## WHAT IS REQUIRED
Exactly and only the lines from the first entry through the line with "Preowned Chanel Multicoloured" should be copied, both ends included, with no pictures.

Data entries
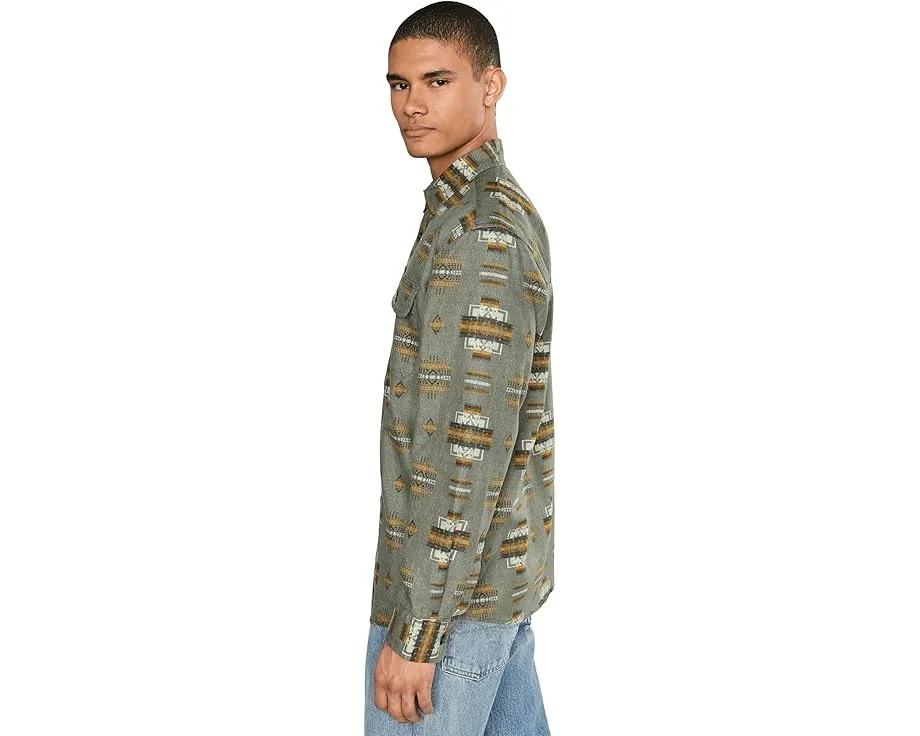 Рубашка Pendleton Tanner Twill с длинным рукавом и накладными карманами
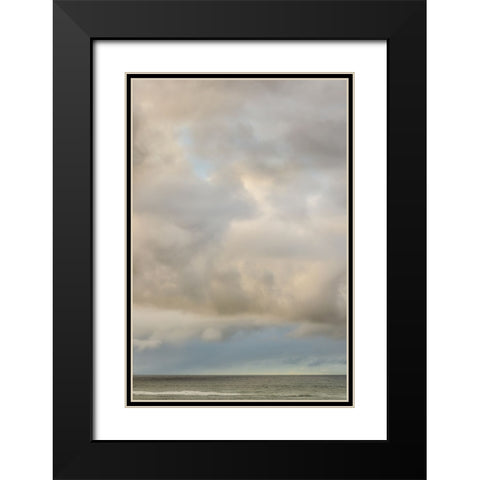 Clouds And Light I Black Modern Wood Framed Art Print with Double Matting by Poinski, Dianne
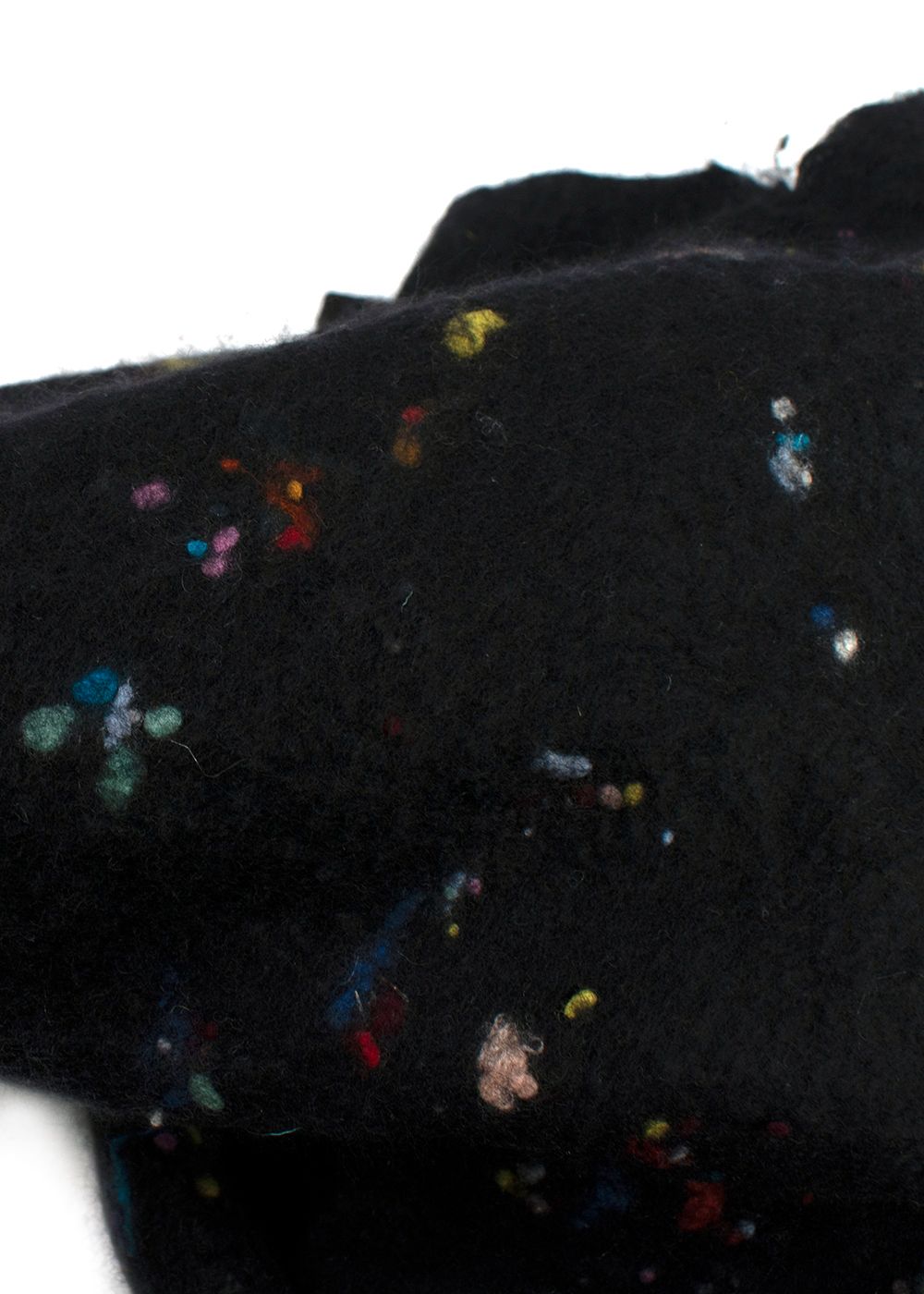 Preowned Chanel Multicoloured Cashmere Wool  Silk Scarf Scarf Black cashmere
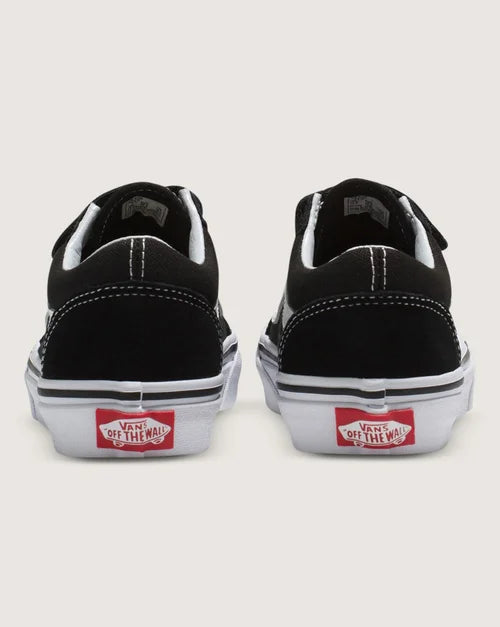 Kids Old Skool V - Black/White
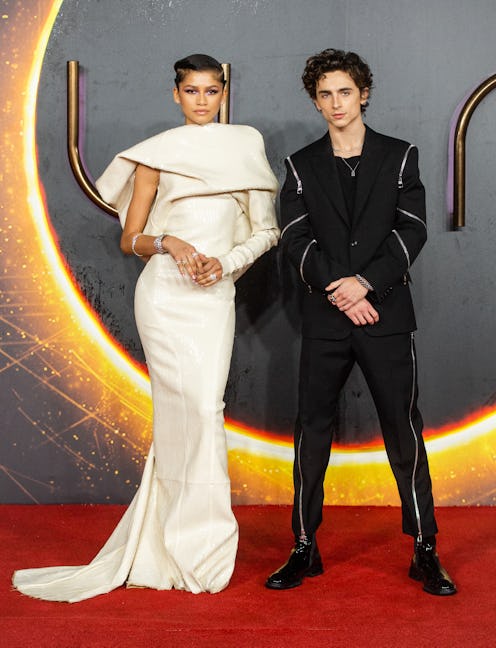 Zendaya and Timothée Chalamet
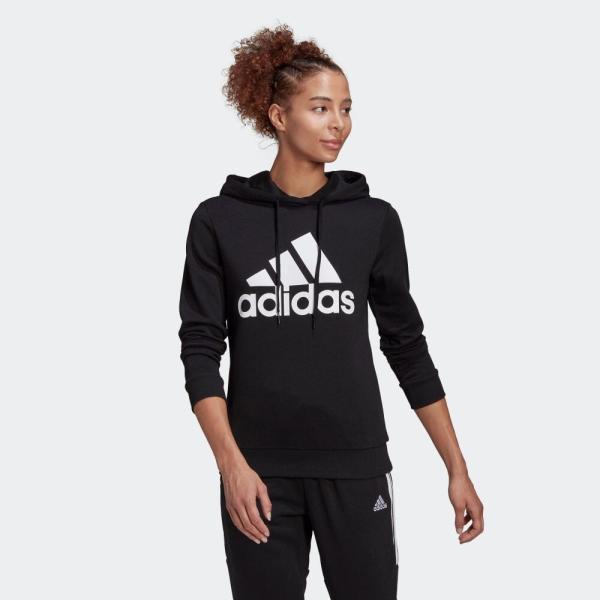 (アディダス）adidas Ｗ　ＥＳＳ　ビッグロゴ　スウェ　ットフーディ トレーニングウエア スウェットパーカー 29049-GM5514　冬　クリアランス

## ANSWER TO THIS TASK
 Рубашка Pendleton Tanner Twill с длинным рукавом и накладными карманами
 Clouds And Light I Black Modern Wood Framed Art Print with Double Matting by Poinski, Dianne
 Preowned Chanel Multicoloured Cashmere Wool  Silk Scarf Scarf Black cashmere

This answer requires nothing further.